By Stewart Bell | National Post .............................................................................................................................................................................................
Captain Ravindra Watudura Bandanage, 38, deserted after flying to Toronto in October 2009.
He has since told Canadian immigration officials he was aware of torture and other crimes carried out by government forces against minority Tamils.
Testifying at his refugee hearing, he said a colonel ordered him to place bomb materials in the home of a member of parliament named “Silva Jilingam,” an apparent reference to M.K. Sivajilingam, a controversial Sri Lankan MP then aligned with the Tamil National Alliance party.
But the captain said he refused and was transferred to Colombo, where he helped with search and cordon operations that rounded up ethnic Tamils.
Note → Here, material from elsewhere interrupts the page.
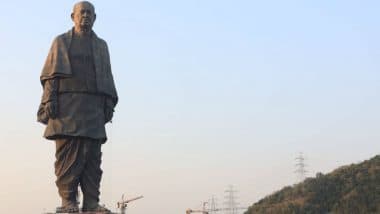Statue of Unity Unveiling by Narendra Modi News Updates: Narendra Modi Signs Visitors Book Near Statue Of Unity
He said he knew the army was torturing, beating and raping civilians.
“I admit that it is a harassment of these people,” he said. “I admit that.”
While there has been mounting evidence both sides in the Sri Lankan conflict committed atrocities, the testimony is noteworthy because it comes from a veteran former commissioned officer.
Frances Harrison, a British journalist and author of Still Counting the Dead, a new book that tells the stories of survivors of the brutal end of the civil war, agreed it was unusual to hear such allegations from an ex-soldier and member of the country’s ethnic Sinhalese majority.
“A few Sinhalese have helped bring out war crimes evidence from Sri Lanka but, assuming this testimony is truthful, it’s unheard of for a Sinhalese soldier to speak out openly about human rights violations. It would be a huge blow to the Sri Lankan government,” the former BBC correspondent said.
The captain’s allegations come amid growing international pressure for an independent investigation into the final months of the Sri Lankan civil war. Two weeks ago, a UN review concluded the international body had failed to protect civilians despite verified evidence of atrocities.
A kung fu champion who joined the army in 1993, Mr. Watudura Bandanage told the Immigration & Refugee Board he had been trained in counterinsurgency.
While he denied taking part in combat, the IRB did not believe him.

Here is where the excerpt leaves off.